Comience por tripsinizar las células madre mesenquimales humanas para crear una suspensión celular. A continuación, alícuota la suspensión de la célula en un tubo de 1,5 mililitros para crear 10 construcciones. Después de centrifugar la suspensión a 220 g durante tres minutos, utilice una bomba de vacío para eliminar el sobrenadante.
Ahora, coloque el gránulo de celda sobre hielo. A continuación, lleve el ácido hialurónico modificado con tiol, el reticulante reactivo al tiol, el diacrilato de polietilenglicol y las botellas de agua desgasificada a temperatura ambiente. En condiciones estériles, use una jeringa equipada con aguja para agregar un mililitro de agua desgasificada a la botella que contiene ácido hialurónico.
Agite la solución, calentándola ocasionalmente a 37 grados centígrados hasta que se aclare. Luego, coloque la solución en hielo. En condiciones estériles, agregue 5 mililitros de agua desgasificada a la botella de reticulación.
Disuélvelo invirtiendo repetidamente antes de colocarlo en hielo. Ahora, agregue 120 microlitros de la solución de ácido hialurónico disuelto al gránulo de la célula alícuota y vuelva a suspender el gránulo de la célula pipeteando la solución de un lado a otro. Agregue 30 microlitros de la solución de reticulante disuelta en el tubo con el gránulo de celda resuspendida.
Asegúrese de que la mezcla sea adecuada dando golpecitos en el tubo. Después de mezclar, gire brevemente la solución. Deje caer 15 microlitros de la solución combinada en una placa de 24 pocillos recubierta de parafina.
Deje que se solidifique a 37 grados centígrados durante 30 minutos. Para la diferenciación in vitro, añadir 0,5 mililitros de medio de diferenciación condrogénico a los hidrogeles asentados en la célula. Después de tres semanas, cambie al medio de diferenciación hipertrófica, agregando 0,5 mililitros por pocillo.
La diferenciación condrogénica dio lugar a glicosaminoglicanos sulfatados en la matriz extracelular positiva de colágeno tipo 2 tanto en las construcciones de ácido hialurónico como de HA y colágeno. Sin embargo, la distribución fue más homogénea en las construcciones de ácido hialurónico. Las construcciones de colágeno demostraron células periféricas con morfología heterogénea.

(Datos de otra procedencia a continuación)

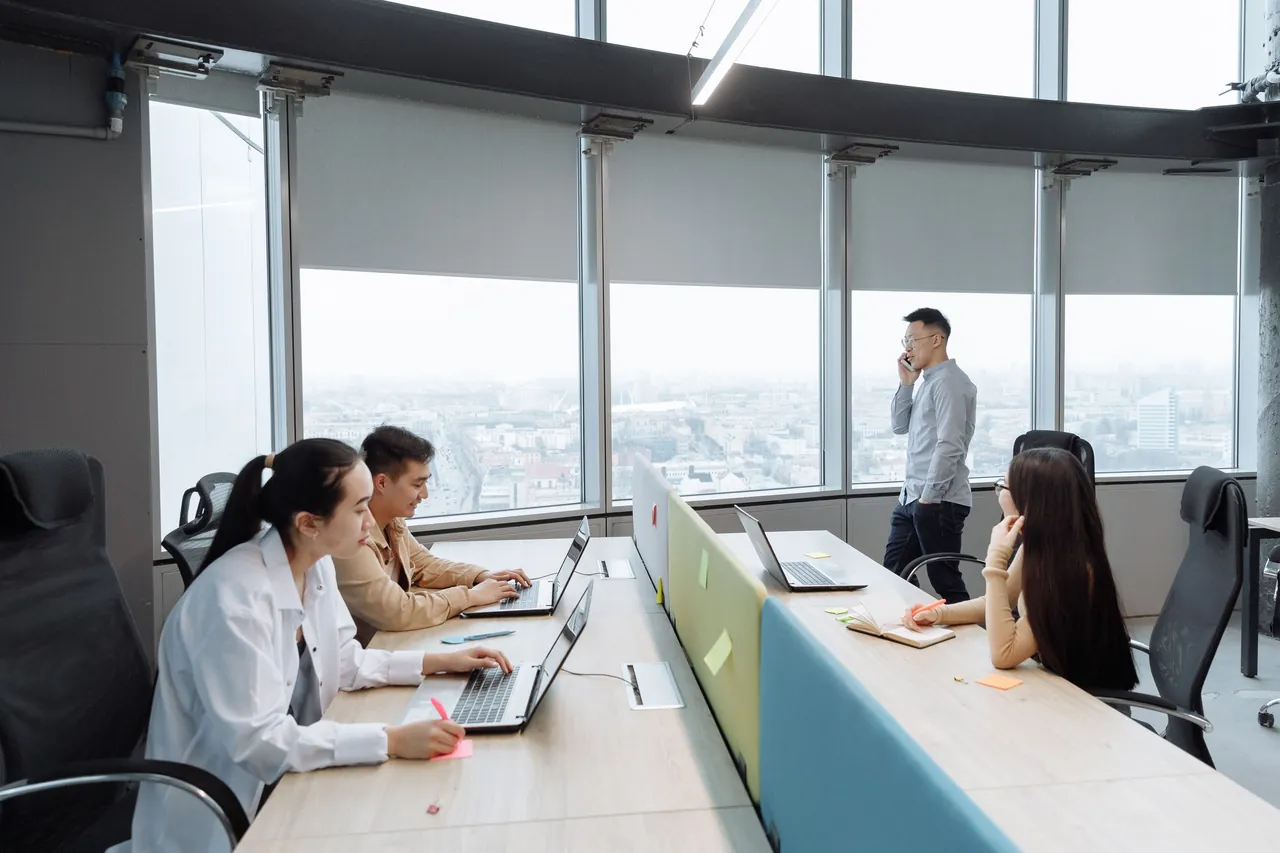 A team works at bench desks with laptops on a high office floor while a colleague takes a call on a company phone by the window, the city below in daylight.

La redondez promedio de las células en las construcciones de AH fue mayor que en las construcciones de colágeno. Se detectó deposición de calcio en los bordes externos de ambas construcciones a las cinco semanas. En las construcciones in vivo de AH, todos los implantes se unieron entre sí en bolsas subcutáneas y formaron tejido óseo integrado.
El 40% de las construcciones de colágeno in vivo fueron independientes. El tejido osteoide con morfología laminar se formó en las regiones externas de ambas construcciones in vivo a las ocho semanas después de la implantación. También se observó pérdida de cartílago en el constructo AH.
Múltiples construcciones in vivo de AH parecieron formar tejido óseo integrado, como lo indica la conexión con los tejidos óseos y la presencia de tejido fibroso articular. Mientras que el 40% de las construcciones de colágeno estaban unidas, las construcciones restantes existían separadas o solo estaban unidas sin conexiones de tejido óseo. Ambas construcciones mostraron vasos marcados positivamente en la médula ósea, y el cartílago interno estaba rodeado por células osteoclásticas multinucleadas.
El mineral se depositó en la región osteoide externa de ambas construcciones con mayor volumen mineral y construcciones de AH debido a su mayor tamaño.